──────── Data extract

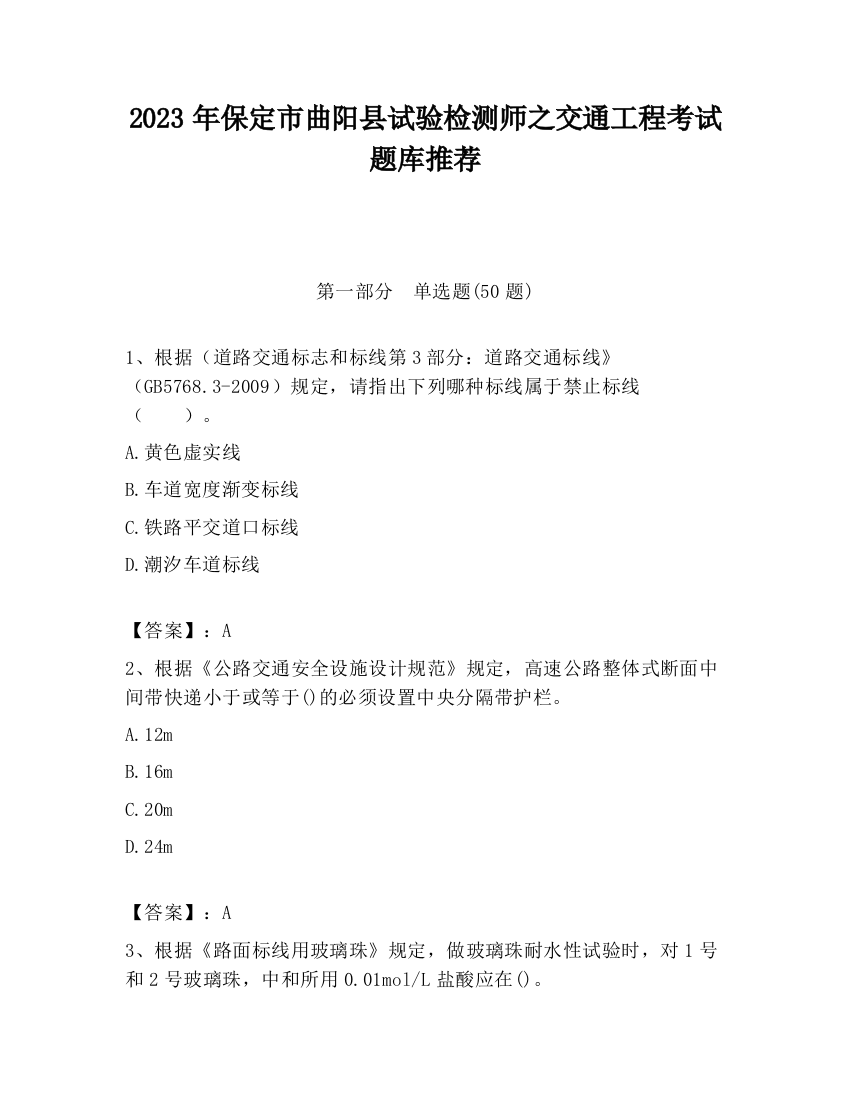 2023年保定市曲阳县试验检测师之交通工程考试题库推荐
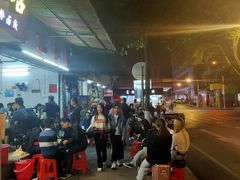 -东升饭店(员村三横路店)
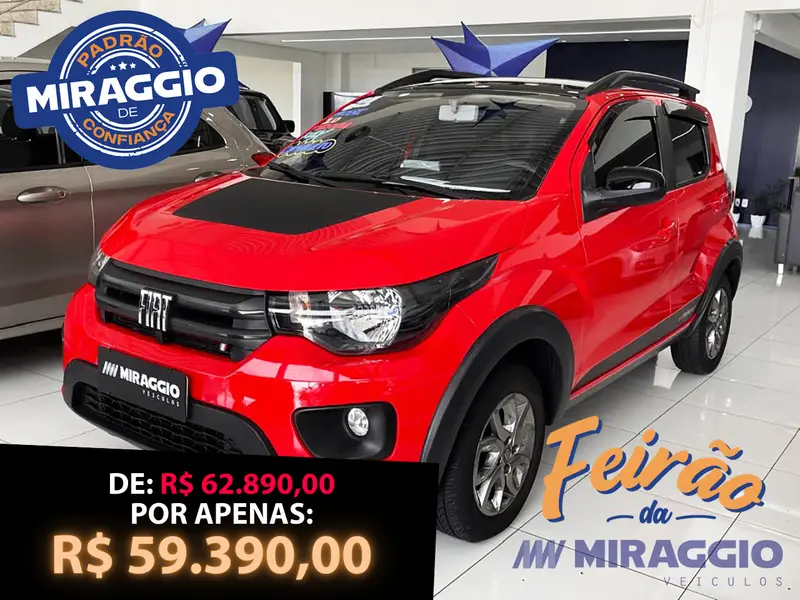 Fiat Mobi Trekking 1.0 (Flex)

────────────────

* _Your goal_
Transcribe the whole listing exactly. Pictures stay out of your copy.

* _Response for this exercise_
 2023年保定市曲阳县试验检测师之交通工程考试题库推荐
 -东升饭店(员村三横路店)
 Fiat Mobi Trekking 1.0 (Flex)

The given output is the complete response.